Between 40,000 and 50,000 species of Diptera are at present known, but these are only a fraction of those actually in existence. The species recognized as British number some 2700, but to this total additions are constantly being made. As a rule flies are of small or moderate size, and many, such as certain blood-sucking midges of the genus _Ceratopogon_, are even minute; as extremes of size may be mentioned a common British midge, _Ceratopogon varius_, the female of which measures only 1¼ millimetre, and the gigantic _Mydaidae_ of Central and South America as well as certain Australian robber-flies, which have a body 1¾ in. long, with a wing-expanse of 3¼ in.
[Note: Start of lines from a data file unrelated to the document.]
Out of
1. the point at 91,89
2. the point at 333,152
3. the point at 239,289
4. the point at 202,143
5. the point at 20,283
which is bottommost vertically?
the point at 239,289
In bodily form Diptera present two main types, either, as in the case of the more primitive and generalized families, they are gnat- or midge-like in shape, with slender bodies and long, delicate legs, or else they exhibit a more or less distinct resemblance to the common house-fly, having compact and stoutly built bodies and legs of moderate length. Diptera in general are not remarkable for brilliancy of coloration; as a rule they are dull and inconspicuous in hue, the prevailing body-tints being browns and greys; occasionally, however, more especially in species (_Syrphidae_) that mimic Hymenoptera, the body is conspicuously banded with yellow; a few are metallic, such as the species of _Formosia_, found in the islands of the East Indian Archipelago, which are among the most brilliant of all insects. The sexes in Diptera are usually alike, though in a number of families with short antennae the males are distinguished by the fact that their eyes meet together (or nearly so) on the forehead. Metamorphosis in Diptera is complete; the larvae are utterly different from the perfect insects in appearance, and, although varying greatly in outward form, are usually footless grubs; those of the _Muscidae_ are generally known as maggots. The pupa either shows the appendages of the perfect insect, though these are encased in a sheath and adherent to the body, or else it is entirely concealed within the hardened and contracted larval integument, which forms a barrel-shaped protecting capsule or puparium.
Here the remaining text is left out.